WORK TASK — Word for word, restate the entries below, but exclude the images.

Collected data entries:
== Segment start ==

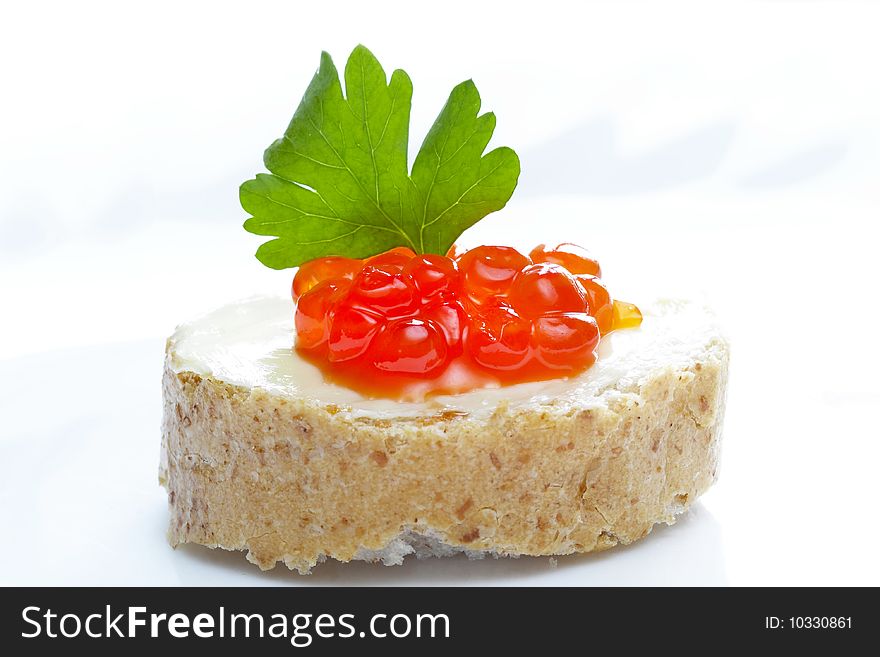 Red caviar with bread and butter over white plate. Red caviar with bread and butter over white plate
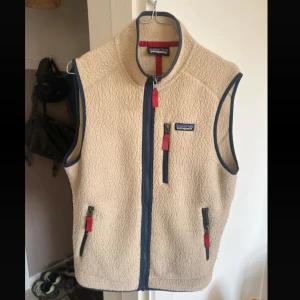 Patagonia vest  - Säljer en beige fleeceväst från Patagonia med blå detaljer och röda dragkedjor. Västen har hög krage, tre fickor med dragkedja. Perfekt för lager-på-lager och outdoor-vibe.
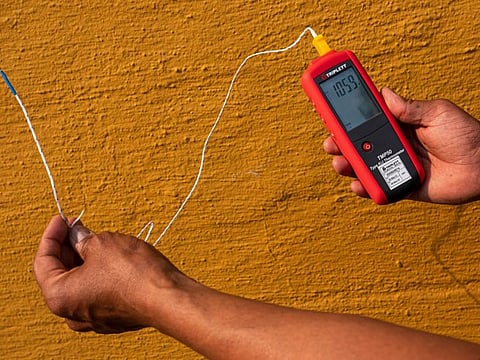 Vivek Shandas, a professor of climate adaptation at Portland State University, takes a temperature reading of almost 106 degrees in downtown Thursday, Aug. 12, 2021, in Portland, Oregon. People have headed to cooling centres as the Pacific Northwest began sweltering under another major, multiday heat wave.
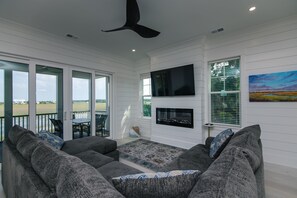 Smart TV, fireplace - Carolina Mile:Luxurious 4BR/3.5BA Marsh-Front Retreat with Private Pool & Elevator on Edisto Beach (Edisto Beach)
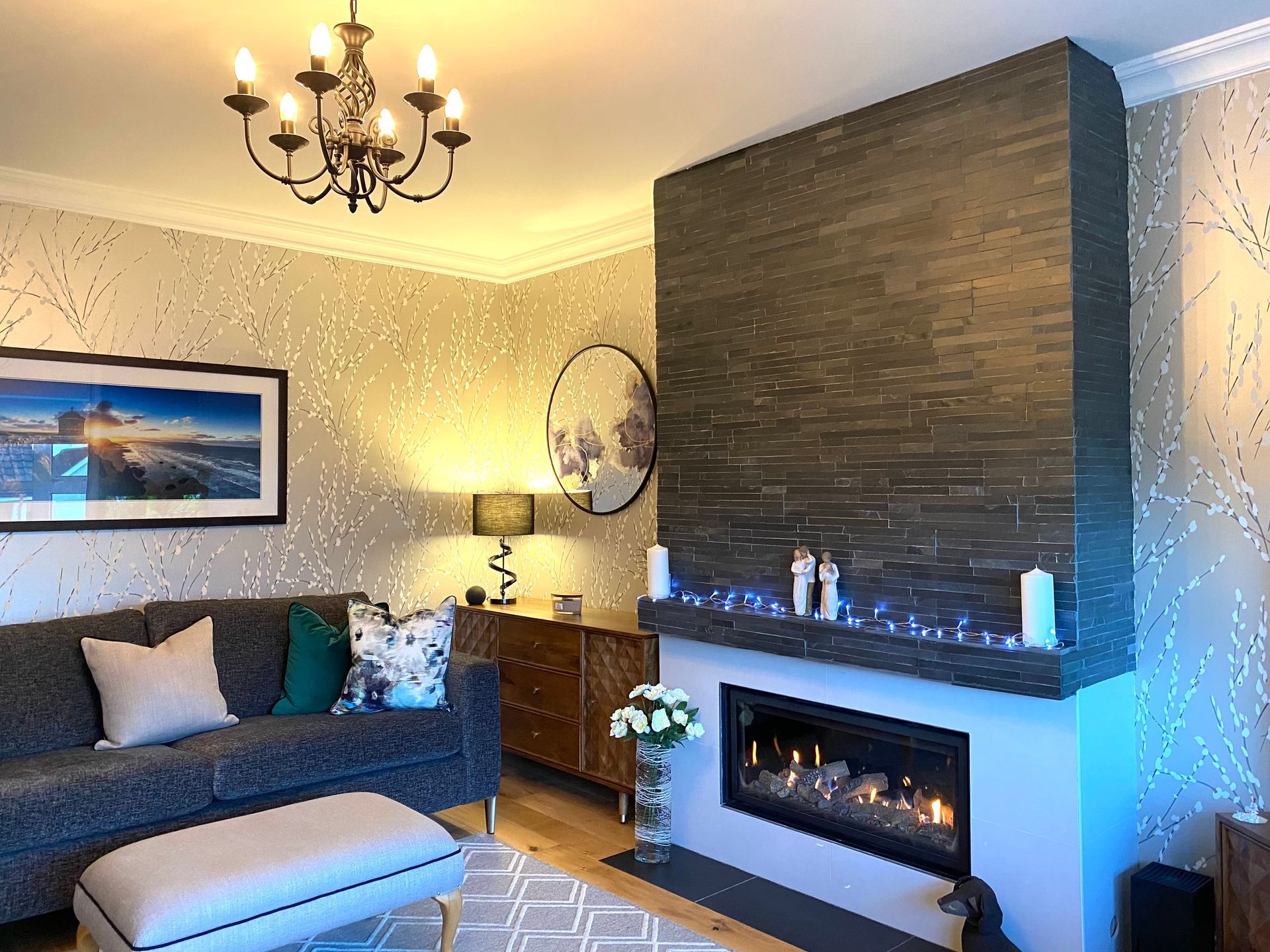 A living room with a fireplace , couch , ottoman and chandelier.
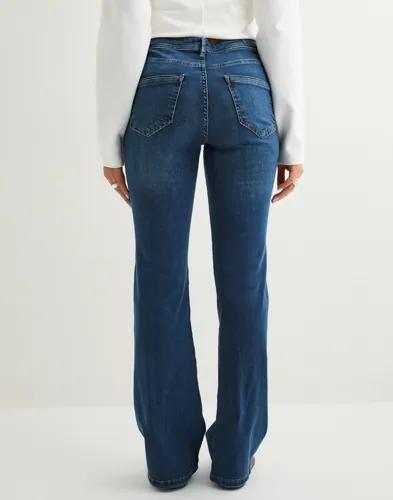 Se topplista för Jeans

== Segment end ==

WRITTEN ANSWER —
 Red caviar with bread and butter over white plate. Red caviar with bread and butter over white plate
 Patagonia vest  - Säljer en beige fleeceväst från Patagonia med blå detaljer och röda dragkedjor. Västen har hög krage, tre fickor med dragkedja. Perfekt för lager-på-lager och outdoor-vibe.
 Vivek Shandas, a professor of climate adaptation at Portland State University, takes a temperature reading of almost 106 degrees in downtown Thursday, Aug. 12, 2021, in Portland, Oregon. People have headed to cooling centres as the Pacific Northwest began sweltering under another major, multiday heat wave.
 Smart TV, fireplace - Carolina Mile:Luxurious 4BR/3.5BA Marsh-Front Retreat with Private Pool & Elevator on Edisto Beach (Edisto Beach)
 A living room with a fireplace , couch , ottoman and chandelier.
 Se topplista för Jeans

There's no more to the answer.